Antes, un candidato se podía dar por satisfecho con ganarse el título del menos peor. Queremos que les quede claro a los políticos que ya no, que ya no les toca así. Por eso es que sigue resonando que en estas condiciones no queremos elecciones. Porque el proceso electoral que tenemos de frente es el mismo que ha permitido que tengamos a tantos ladrones como nuestros representantes.
El reciente comunicado del Grupo Intergeneracional reafirma el sentimiento sobre esta incertidumbre, desesperanza y frustración alrededor del proceso. Y frente a ello se hace una propuesta clara, que incluye el aplazamiento de elecciones. Otras organizaciones, como el Movimiento Semilla, también se han pronunciado en este sentido y se siguen llevando a cabo varios debates y espacios de reflexión al respecto.
Es importante, frente al panorama electoral inmediato, como lo leí hace unos días en Prensa Comunitaria, que no demos nada por sentado, que no nos conformemos, que fortalezcamos nuestro pensamiento crítico, que nos atrevamos a salir del cuadrado y a pensar fuera de la caja, a encontrarnos y desencontrarnos para pensarnos nuevos caminos.
A muchos les han enseñado que contradecir o tan siquiera cuestionar la Constitución es un delito-pecado.
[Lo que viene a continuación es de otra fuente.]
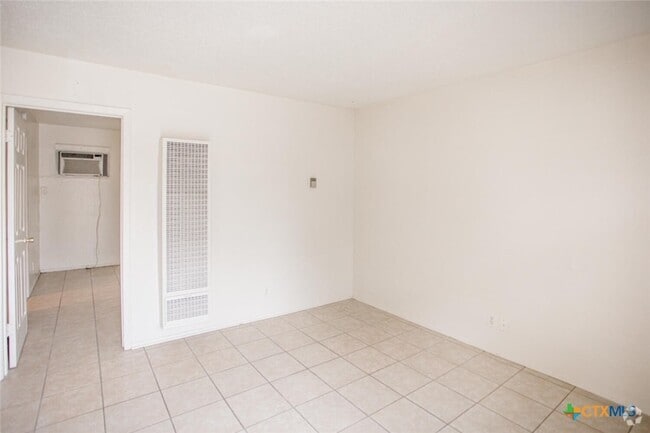 Building Photo - 1239 N LBJ Dr Unit E Rental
Defienden un Estado de derecho y un orden constitucional como si estos fueran dioses. Pero olvidan que las leyes que constituyen todo ese orden que defienden no son revelación divina ni vienen del Olimpo. Las leyes y las instituciones son creación humana, tampoco abstracta, sino hecha por grupos con acceso a tomar decisiones con base en sus intereses de clase y con el poder de plasmarlas sobre piedra para un Estado y sacralizarlas.
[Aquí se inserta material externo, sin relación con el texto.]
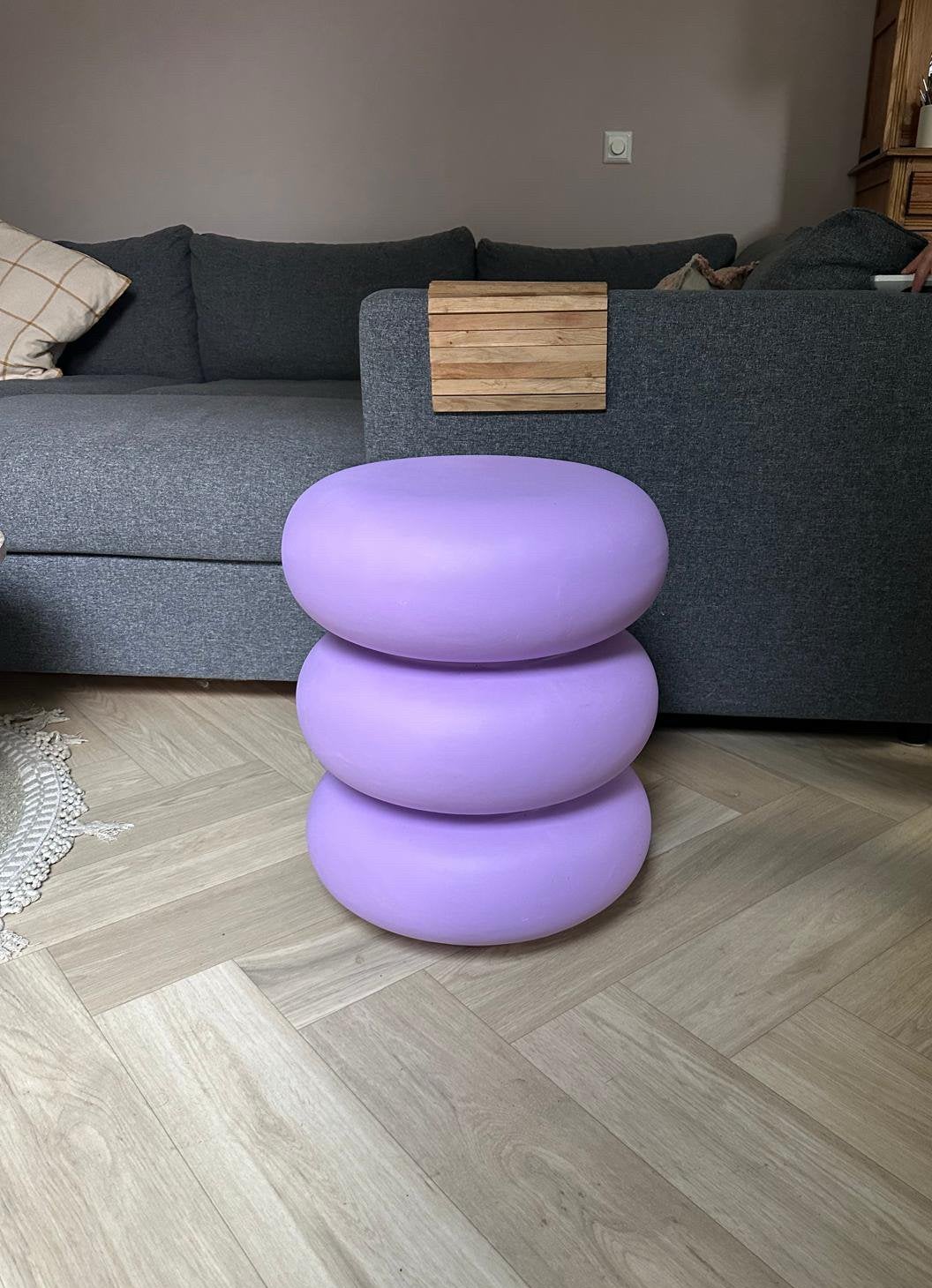 Xenos Bijzettafel Kunststof Lila, Rond, Zo goed als nieuw, Ophalen, 45 tot 60 cm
Las instituciones y la legalidad son reflejo de las relaciones de poder en una sociedad. Es por eso que cuando se cuestionan estas bases supuestamente neutrales tiembla el poder. Una frase anónima reza: «El apartheid era legal. La esclavitud era legal. El colonialismo era legal. La legalidad es una cuestión de poder, no de justicia».
Este Estado es verdugo de las mayorías, pues sirve a intereses de pocos. Si seguimos defendiendo ciegamente este sistema, estaremos defendiendo a nuestro verdugo. Atrevámonos a cuestionarlo, sin culpas ni cargos de conciencia, y atrevámonos a vernos más allá de adonde se nos ha enseñado que podemos llegar.